An adoption after another adoption has resulted in an increase in the price of the most dominant cryptocurrency. But how can a volatile asset with its fluctuating value like Bitcoin be considered as a hedge against inflation?
Bitcoin Solution: A Mere Illusion?
Although there has been a growing number of believers that bitcoin is a hedge against inflation, the crypto community has been divided whether it can really respond as one.
“Expectation postponed makes the heart sick,” a proverb says. Could this also be true about bitcoin?
In the United States, Consumer Price Index recorded its largest increase in one-month increase in June in the past 13 years according to a report by the Business Insider. Inflation climbed by 2.6% in March until reaching 5.6% in June. But bitcoin lost almost 50% of its value when its price nosedive to $30K after recording an all-time high at $64K in May. Ed Moya, senior equity analyst at foreign exchange firm Oanda stated that this is contrary to what is supposed to be: a hedge to inflation.
“Bitcoin isn’t behaving like an inflation hedge anymore and will continue to remain heavy over expectations over higher yields.”
Some crypto experts have also stated that bitcoin is not a hedge against inflation. Founder of money management firm Quantum Economics, Mati Greenspan in his statement with Cointelegraph stated that there “doesn’t seem to be any correlation” between Bitcoin’s price action and inflation or deflation data. He further stated:
“Certainly Bitcoin has been a great performer over time. But most of the gains have occurred during a great global deflationary period in which all risk assets rose. Now that inflation is picking up for real, for the first time since Bitcoin’s inception, it’s drastically underperforming.”

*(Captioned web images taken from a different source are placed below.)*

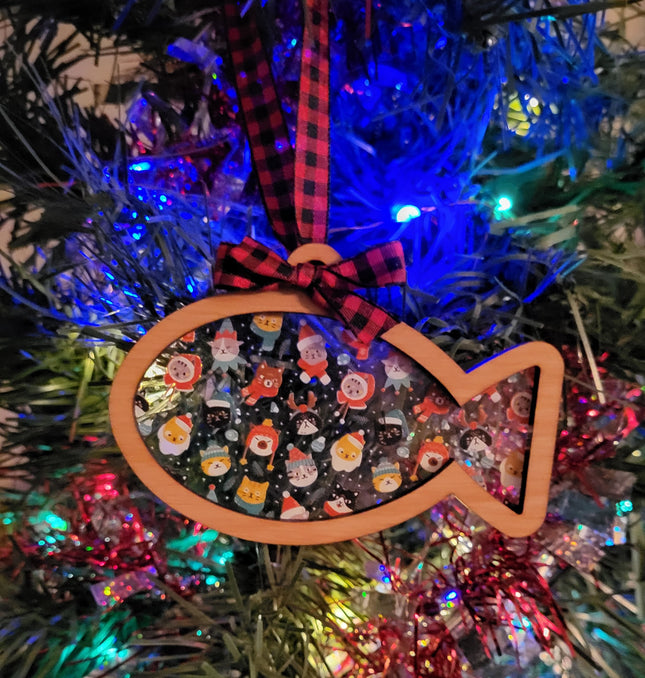 Fish Ornament w/ Winter Cats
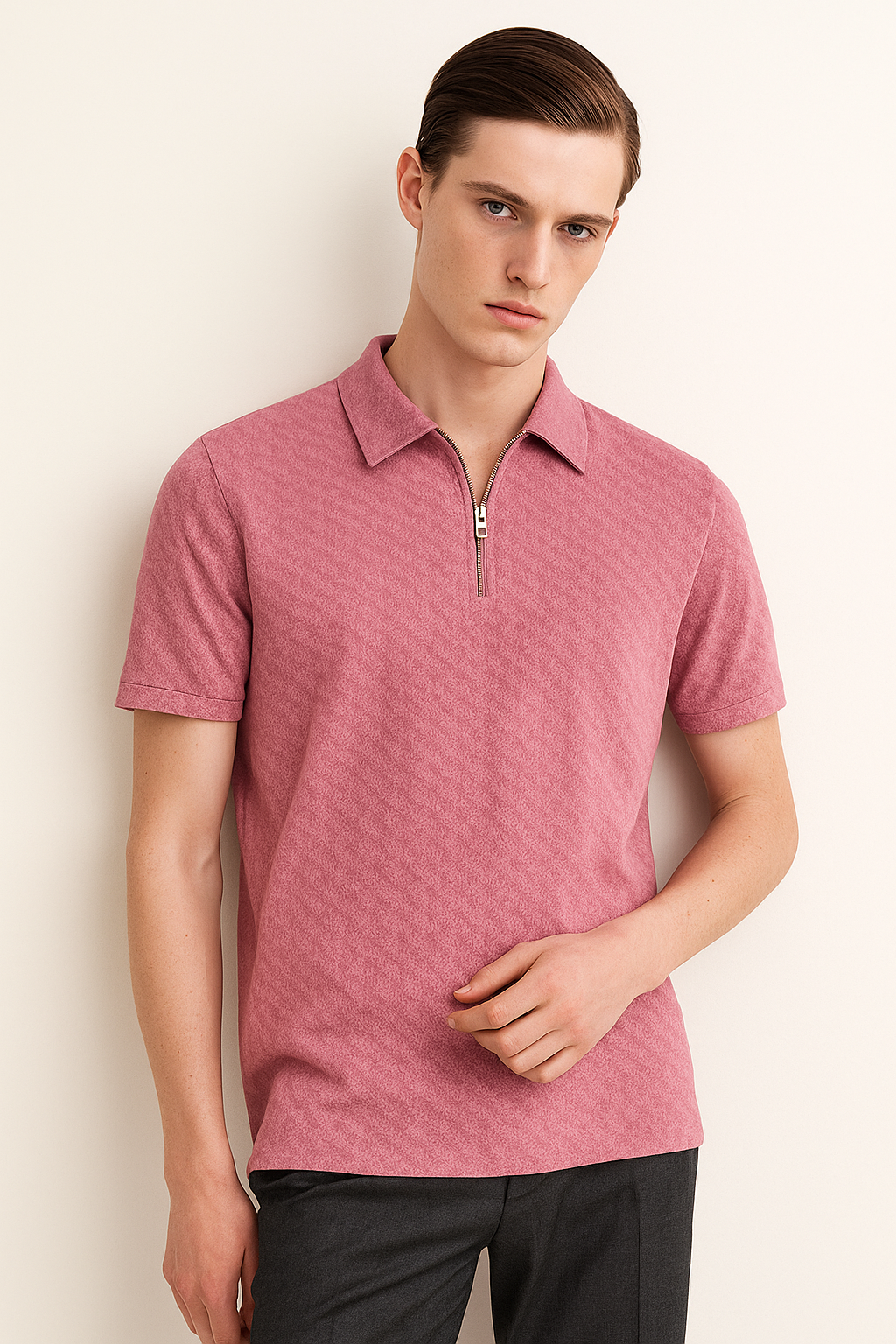 Self Design Men Pink T-Shirt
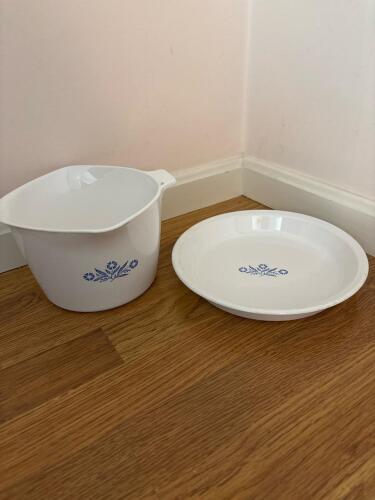 Corning Ware Blue Cornflower Saucemaker and Pie Plate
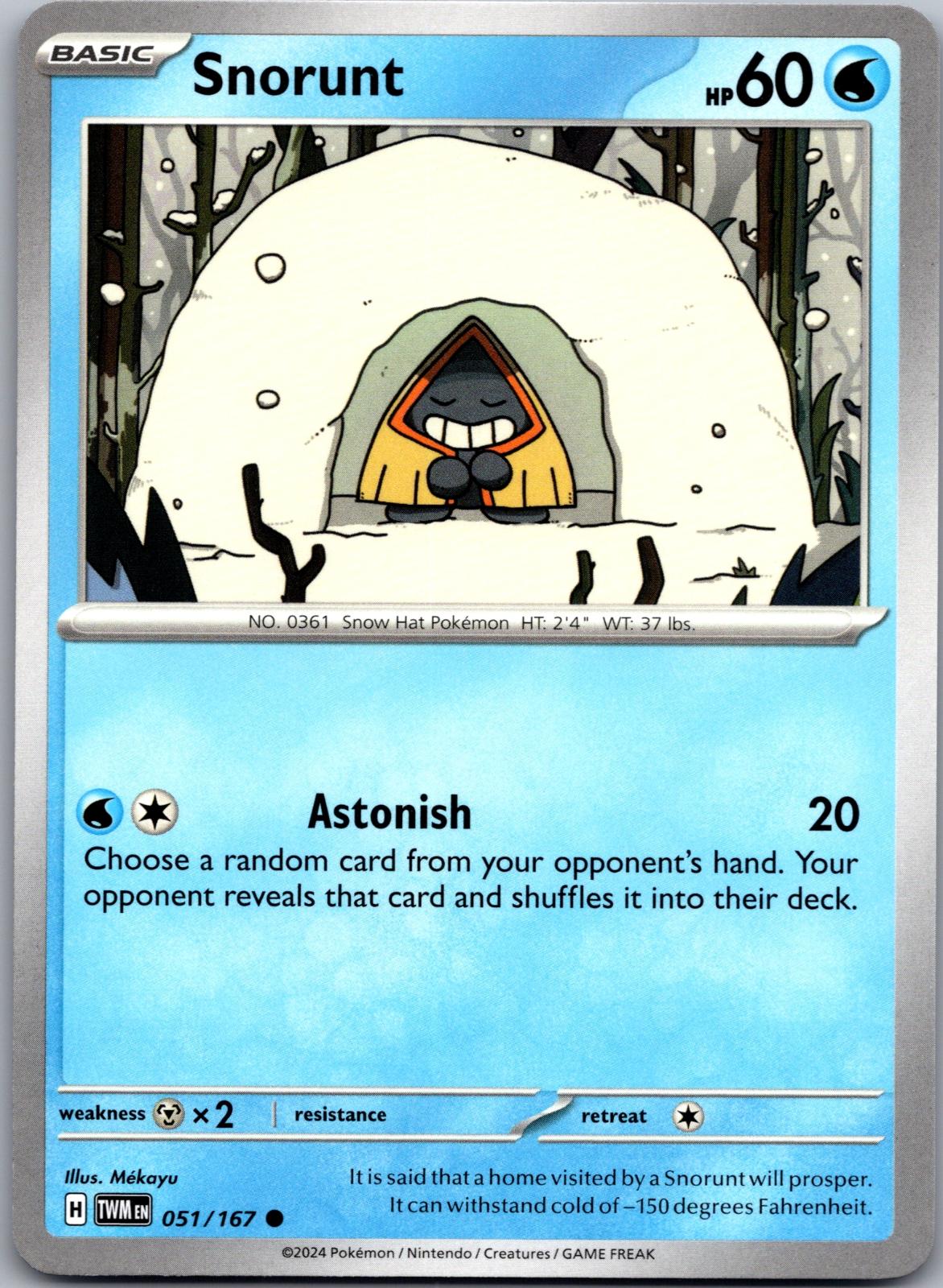 Snorunt - 051/167 - - TWILIGHT MASQUERADE - Pokemon - Common | AA85-24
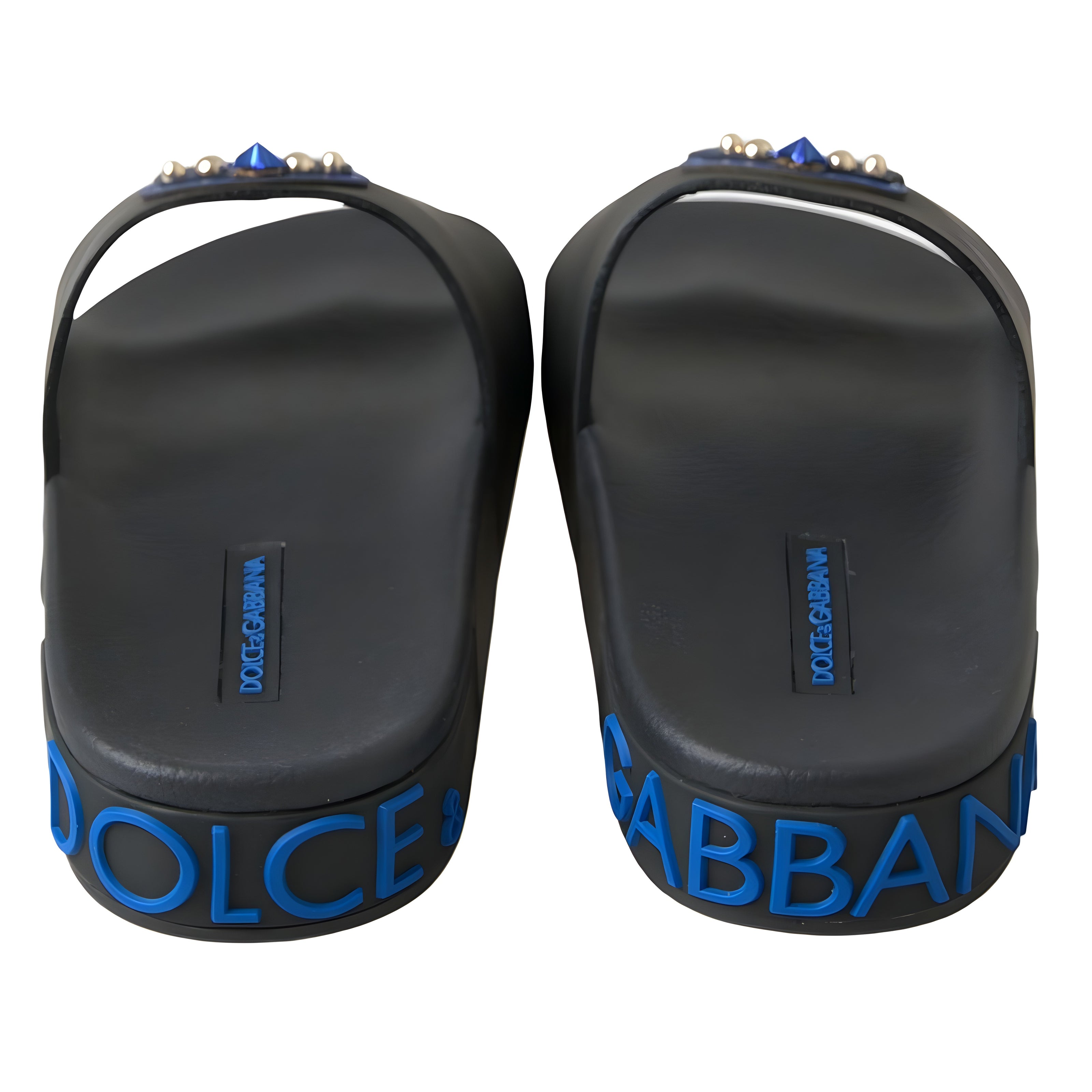 Dolce & Gabbana Black Saint Barth Beach Slide Sandals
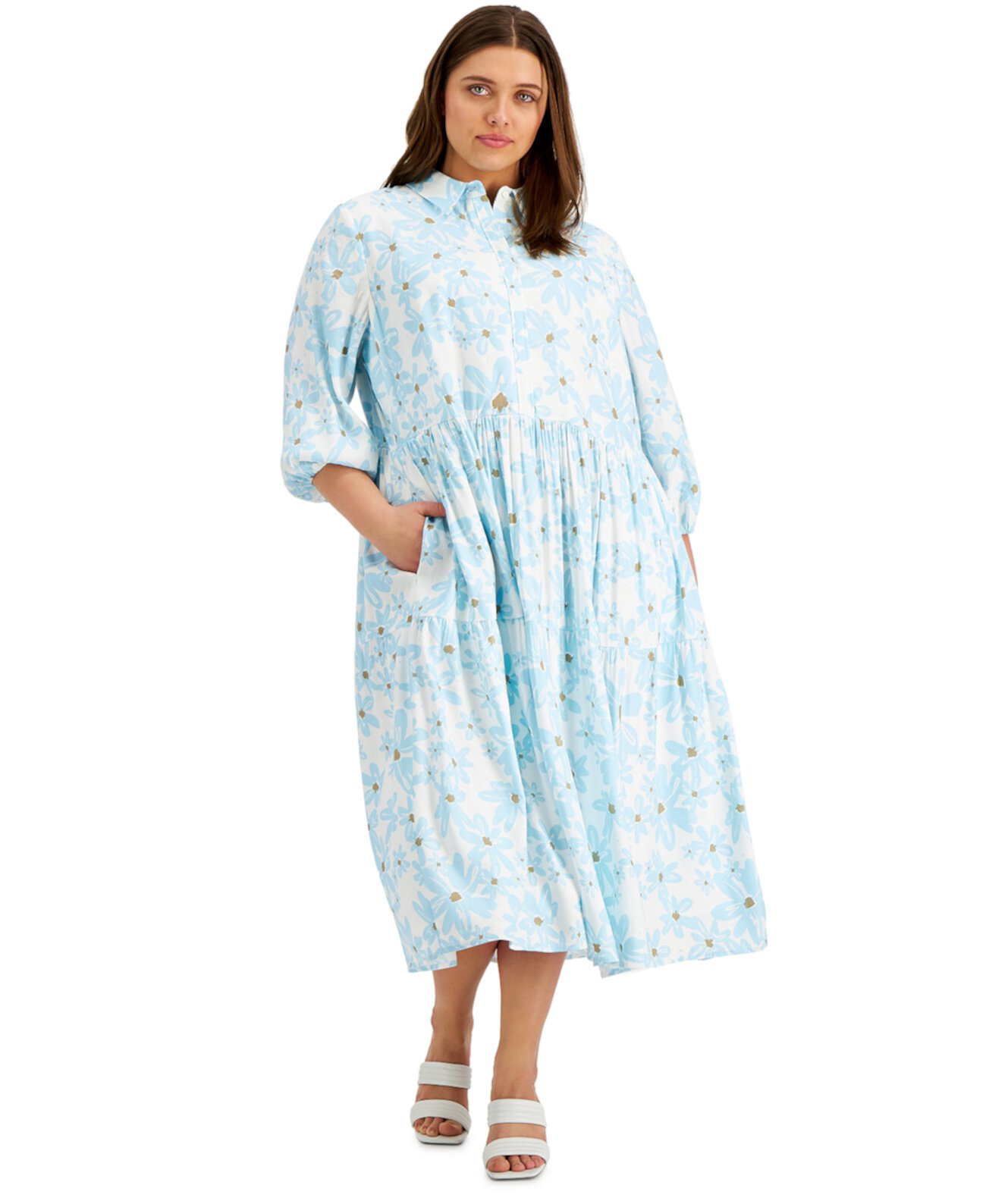 Платье миди большого размера с цветочным принтом, созданное для Macy's Alfani
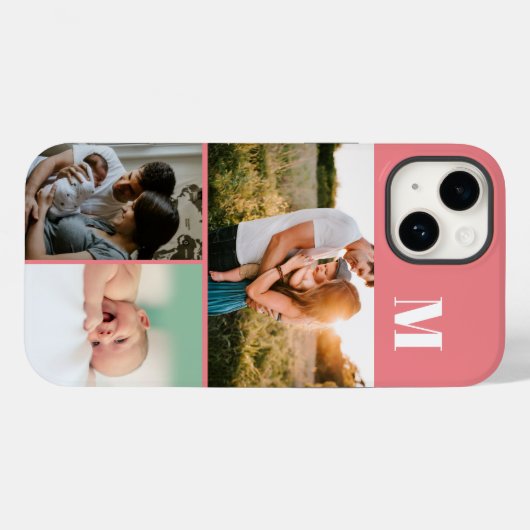 Roze Monogram 3 Fotocollage Case-Mate iPhone Case (Achterkant (horizontaal))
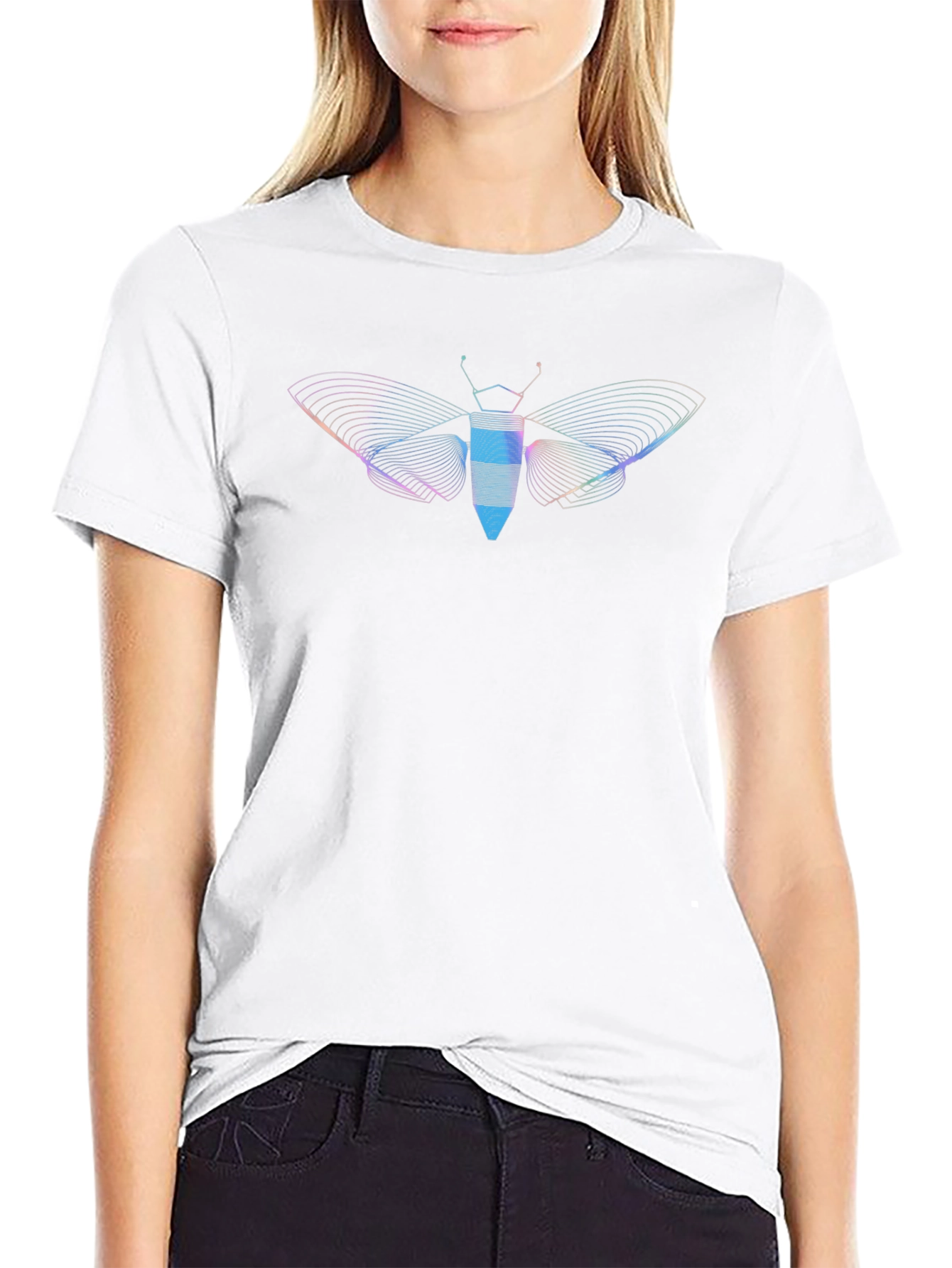 Geometric Butterfly Graphic Tee - Black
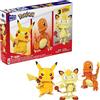Mega Brands MEGA Pokemon Action Figure Giocattoli da Costruzione per Bambini, Regione di Kanto Trio con 529 Pezzi, Pikachu Charmander Meowth costruibile e snodato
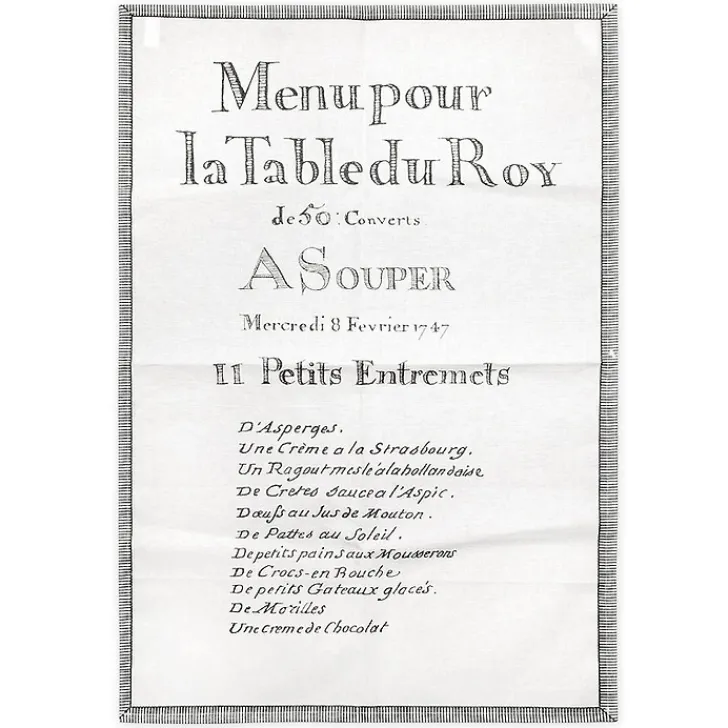Boutiques de musées Art De La Table-Torchon "11 Petits entremets Menu du Roy"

Black Swan author Nassim Taleb in his statement with CNBC stated that bitcoin failed as a hedge. He has also favored gold over bitcoin stating:
“gold and other precious metals are largely maintenance-free, do not degrade over a historical horizon, and do not require maintenance to refresh their physical properties over time”
Taleb also cited in March 2020 the digital asset price suffered more than the stock market and later recovered with it upon the massive injection of liquidity. He further stated:
“That’s sufficient evidence that it cannot remotely be used as a tail hedge against systemic risk.”
Some bitcoin proponents have argued that their Bitcoin investment and profits “have already hedged the future” and they also pointed out the remarkable growth of the digital asset and is due for massive gains in the long run.
With bitcoin’s volatility and crazy price swings, the world will continue to be divided whether cryptocurrency is really a hedge to inflation or just a mere illusion.
A recent report by JP Morgan revealed that with the re-emergence of inflation, institutional investors have chosen BTC (bitcoin) over gold as a hedge.
The re-emergence of inflation concerns among investors has renewed interest in the usage of Bitcoin as an inflation hedge. Institutional investors appear to be returning to Bitcoin perhaps seeing it as a better inflation hedge than gold.”
The recent event has increased the price of cryptocurrency and even resulted in a price rally after breaching the $50K mark and finally reclaiming its $1T market cap. Today, BTC (bitcoin) has breached the $60K mark with its price at $63,878 in recent data by Crypto.co. With its current price, it’s just a matter of time before it reaches its previous all-time high of almost $65K. The increased adoption by institutional investors of bitcoin will definitely push its price even higher and will strengthen its position as a hedge against inflation.